I’ve been writing about TV on this site for about three years now. I’ve gotten paid to watch a lot of good TV and some pretty bad TV as well. Sometimes, like the final episodes of Game of Thrones or the “Cult” season of American Horror Story, it felt like a miserable day at the office. Fortunately, there were always shows that made up for those days, like Better Call Saul or The Mandalorian. Not even the best episodes of those shows even came close to the experience of seeing HBO’s Watchmen for the first time. It is my favorite show I’ve ever written about. It might be my favorite show period. I’d like nothing more than to erase my memory of the past few months so I could go back and watch it for the first time again. So naturally, when HBO announced they wouldn’t be making any more episodes of their acclaimed new series, I was deeply relieved.
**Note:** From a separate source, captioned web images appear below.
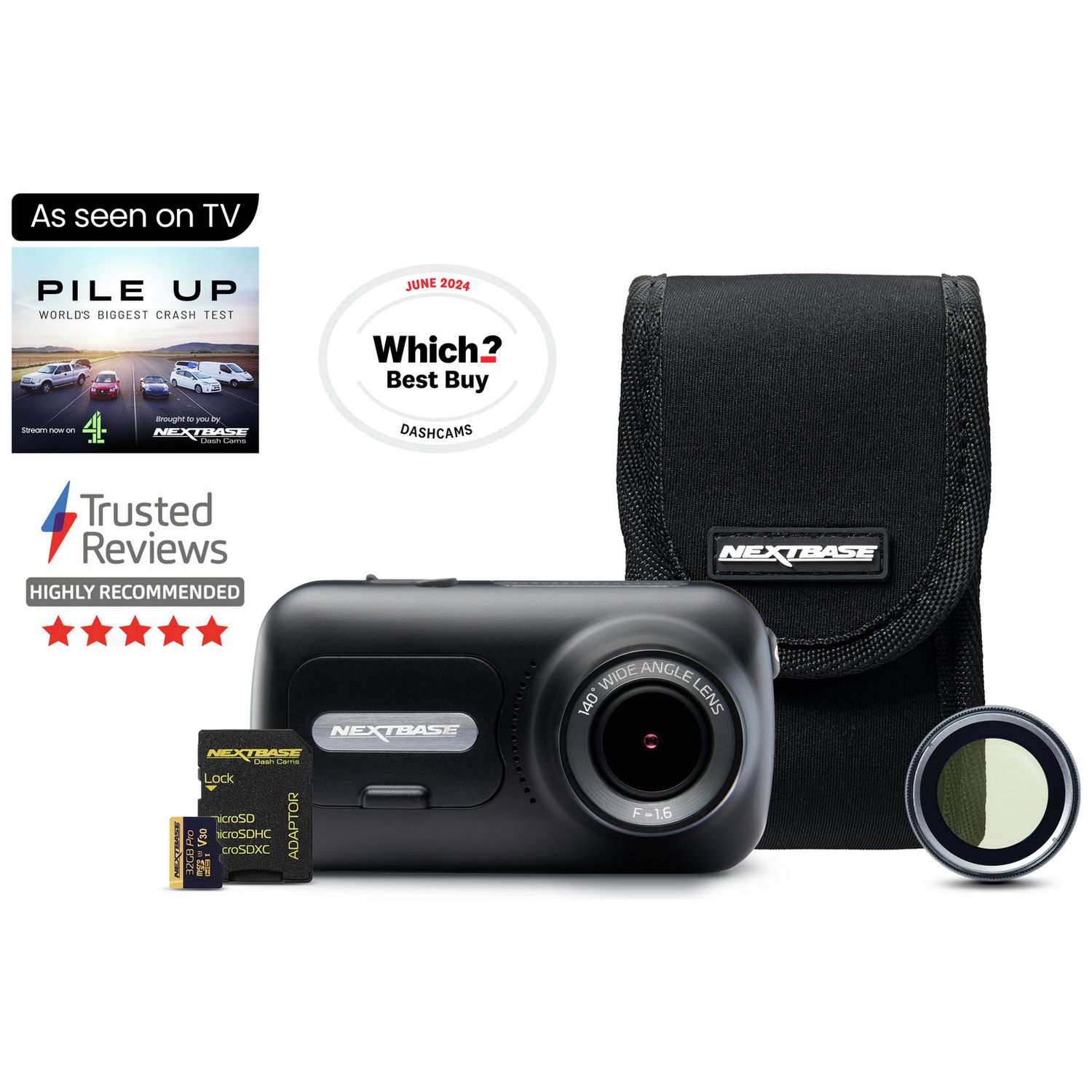 Nextbase 322GW front dash cam bundle with 32GB card (British brand)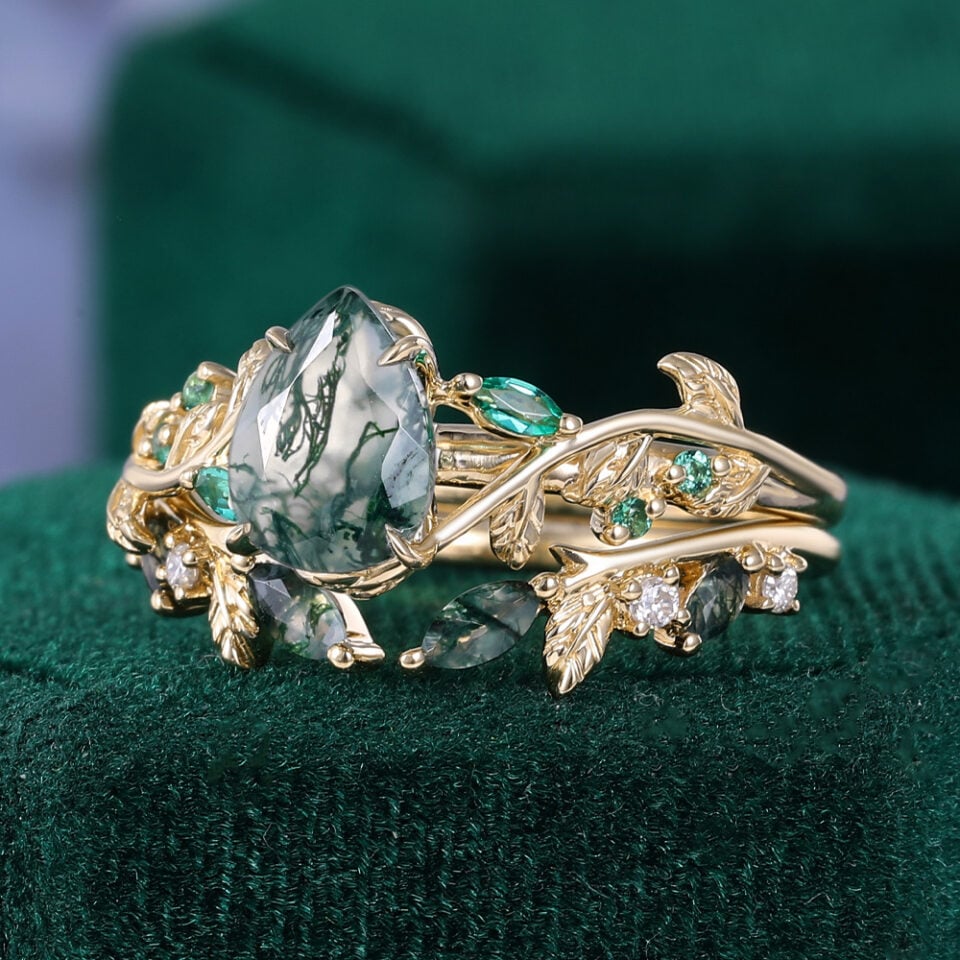 2PCS Pear Cut Moss Agate Leaflace Garden Themed Wedding Ring Set (2)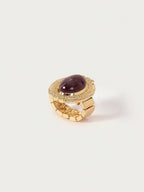 Vintage Gold Gemstone Single Ring For Women Casual Everyday Wear Old Money Charm Jewelry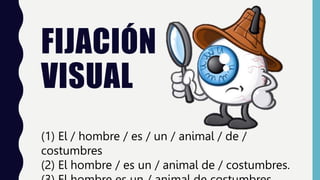 FIJACIÓN
VISUAL
(1) El / hombre / es / un / animal / de /
costumbres
(2) El hombre / es un / animal de / costumbres.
Calling it quits on Watchmen after one season was absolutely the right move. Damon Lindelof and his team of writers had done it. They had told the best possible story anyone could tell after the events of Alan Moore and Dave Gibbons’ comic. And it was a complete one. In just 9 episodes, they brought a twisty, political, time-hopping superhero story to a satisfying conclusion. Watchmen was everything I didn’t know I wanted out of a sequel series. Sometimes it’s best to go out on top.
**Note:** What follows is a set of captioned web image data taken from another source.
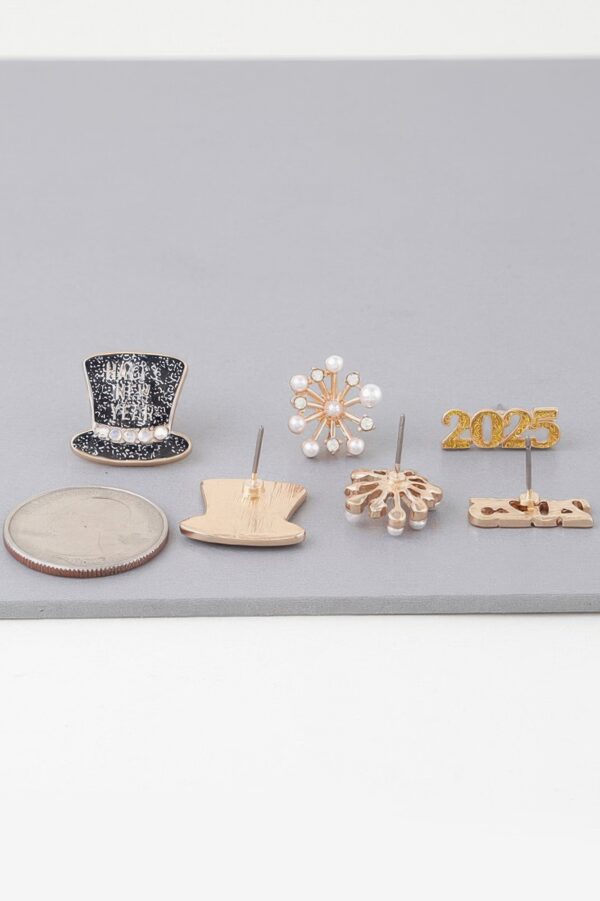 2025 New Year Earrings Set – Four Festive Designs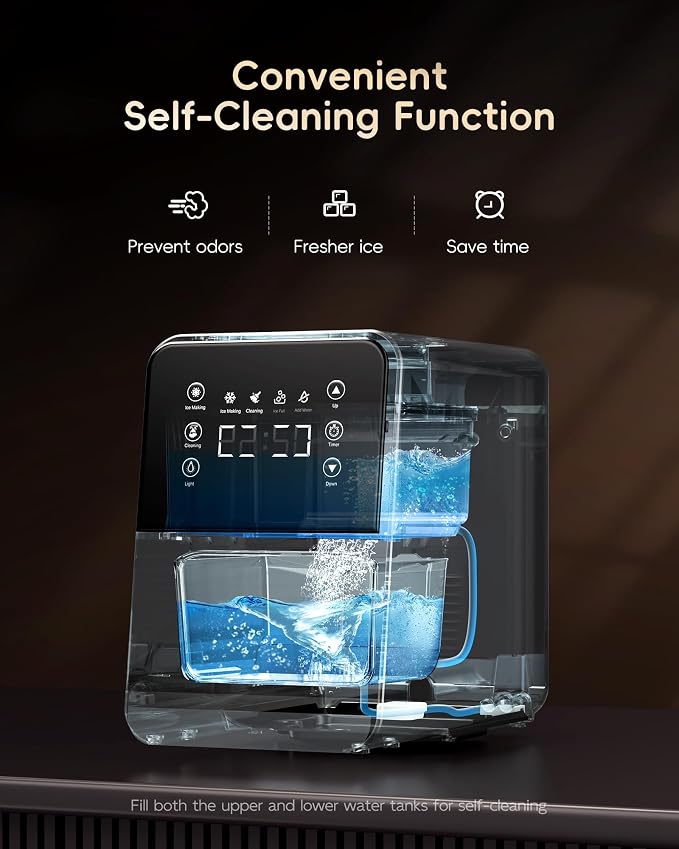 ecozy Nugget Ice Maker Countertop, 40Lbs/Day Chewable Pebble Ice, TDS Meter | Soft Sonic Ice Machine, Self-Cleaning, One-touch Timer, Pull-out Ice Basket, Compact for Home Kitchen Office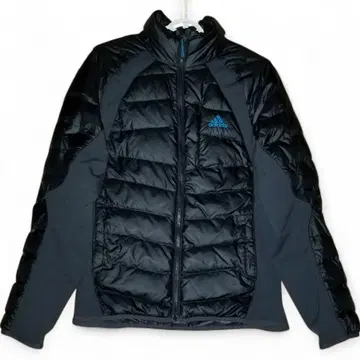 adidas 다운 자켓 로고 자수 절개 여성용 L 블랙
The Odds Were Against Watchmen to Begin With
Few comics are put on as high a pedestal as the original Watchmen. It’s a wildly popular comic that DC has tried multiple times to expand on. Most of those attempted expansions didn’t work out so well. Remember Before Watchmen? An entire series about what happened before the interesting part of the story. Not that it didn’t have its moments, but it didn’t add anything of substance to the world. It was the characters we remembered, but not written nearly as well. The little details and worldbuilding that made Watchmen so arresting were missing. Now we have Doomsday Clock which brings the cast of Watchmen into the current DC Universe. It’s fun, and I’m enjoying it a lot, but in more of a kid-playing-with-action-figures way. It doesn’t have the bite or satire of the original comic.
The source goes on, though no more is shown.